__Aim of the task__:
A verbatim reproduction of the lines below, from the line containing "Pelatih Persija Tidak" through the line containing "BESAR DALAM KOMPLEK PERUMAHAN", both ends included, is the whole required output.

__Data__:
______

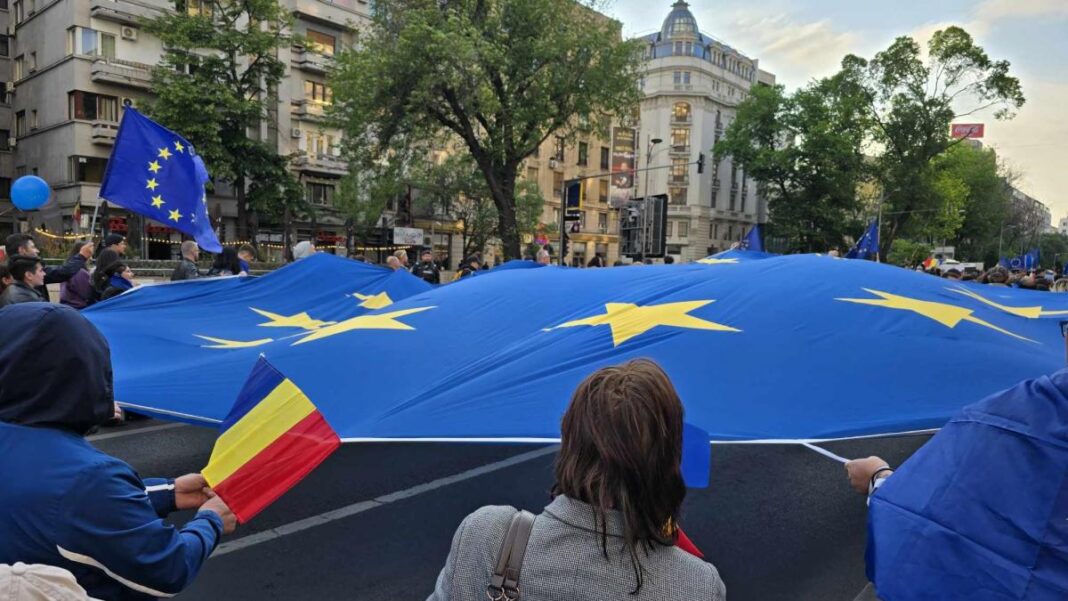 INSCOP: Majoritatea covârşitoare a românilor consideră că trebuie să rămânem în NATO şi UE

______

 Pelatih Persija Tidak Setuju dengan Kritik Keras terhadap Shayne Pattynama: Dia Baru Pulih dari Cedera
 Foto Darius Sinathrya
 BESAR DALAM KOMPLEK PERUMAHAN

______

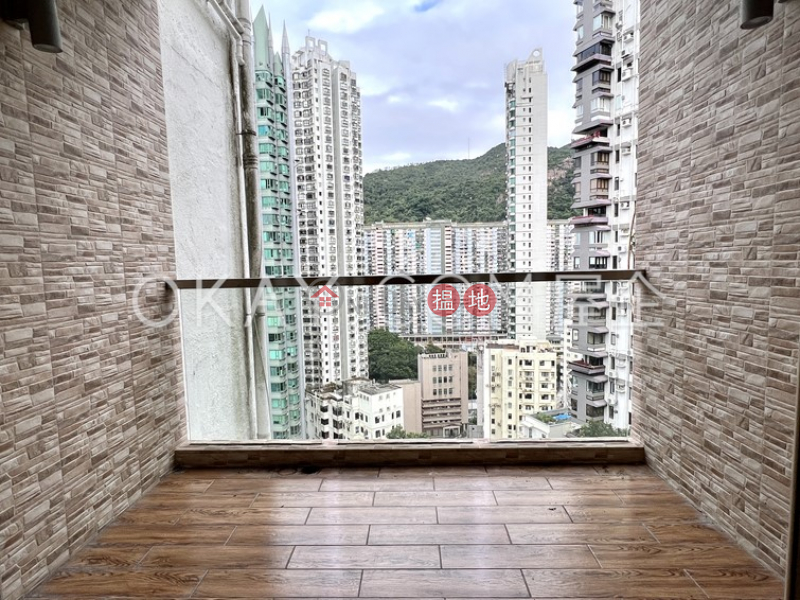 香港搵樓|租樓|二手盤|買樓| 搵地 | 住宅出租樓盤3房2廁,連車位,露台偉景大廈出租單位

______

__Response box__:
 Pelatih Persija Tidak Setuju dengan Kritik Keras terhadap Shayne Pattynama: Dia Baru Pulih dari Cedera
 Foto Darius Sinathrya
 BESAR DALAM KOMPLEK PERUMAHAN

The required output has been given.